▶ **Task objective**:
Copy out each line below that has the word "MAIOR" in it.

▶ **Dataset excerpts**:
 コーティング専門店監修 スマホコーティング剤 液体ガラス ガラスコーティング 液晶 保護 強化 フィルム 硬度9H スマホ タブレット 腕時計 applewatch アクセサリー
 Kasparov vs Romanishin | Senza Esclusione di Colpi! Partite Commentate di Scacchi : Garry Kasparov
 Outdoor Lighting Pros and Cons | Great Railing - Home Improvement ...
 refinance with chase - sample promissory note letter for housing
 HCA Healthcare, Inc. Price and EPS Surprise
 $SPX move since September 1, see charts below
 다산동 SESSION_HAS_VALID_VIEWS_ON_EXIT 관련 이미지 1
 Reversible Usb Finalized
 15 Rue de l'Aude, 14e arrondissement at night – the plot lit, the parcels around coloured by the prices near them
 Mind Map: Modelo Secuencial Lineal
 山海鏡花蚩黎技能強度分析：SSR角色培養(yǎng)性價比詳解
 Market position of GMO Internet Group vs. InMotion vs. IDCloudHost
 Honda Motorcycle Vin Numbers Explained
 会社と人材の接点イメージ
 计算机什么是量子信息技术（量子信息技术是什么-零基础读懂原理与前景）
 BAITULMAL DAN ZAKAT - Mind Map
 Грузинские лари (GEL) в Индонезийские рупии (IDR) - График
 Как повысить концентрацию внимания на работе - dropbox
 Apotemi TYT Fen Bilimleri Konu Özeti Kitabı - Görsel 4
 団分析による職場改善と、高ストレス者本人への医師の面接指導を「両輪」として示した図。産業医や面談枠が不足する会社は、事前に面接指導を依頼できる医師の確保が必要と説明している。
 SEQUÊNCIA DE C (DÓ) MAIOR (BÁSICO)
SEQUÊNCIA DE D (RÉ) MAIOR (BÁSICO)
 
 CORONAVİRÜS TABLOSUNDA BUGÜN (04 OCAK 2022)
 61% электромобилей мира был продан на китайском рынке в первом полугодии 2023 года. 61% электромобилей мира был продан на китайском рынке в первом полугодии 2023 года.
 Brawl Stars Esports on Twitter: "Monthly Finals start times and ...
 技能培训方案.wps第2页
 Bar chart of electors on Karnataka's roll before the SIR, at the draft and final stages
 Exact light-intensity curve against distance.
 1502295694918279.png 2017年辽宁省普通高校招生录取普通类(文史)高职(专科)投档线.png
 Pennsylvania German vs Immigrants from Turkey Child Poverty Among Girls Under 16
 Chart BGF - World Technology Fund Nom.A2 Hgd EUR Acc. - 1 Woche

▶ **Exercise response**:
 SEQUÊNCIA DE C (DÓ) MAIOR (BÁSICO)
SEQUÊNCIA DE D (RÉ) MAIOR (BÁSICO)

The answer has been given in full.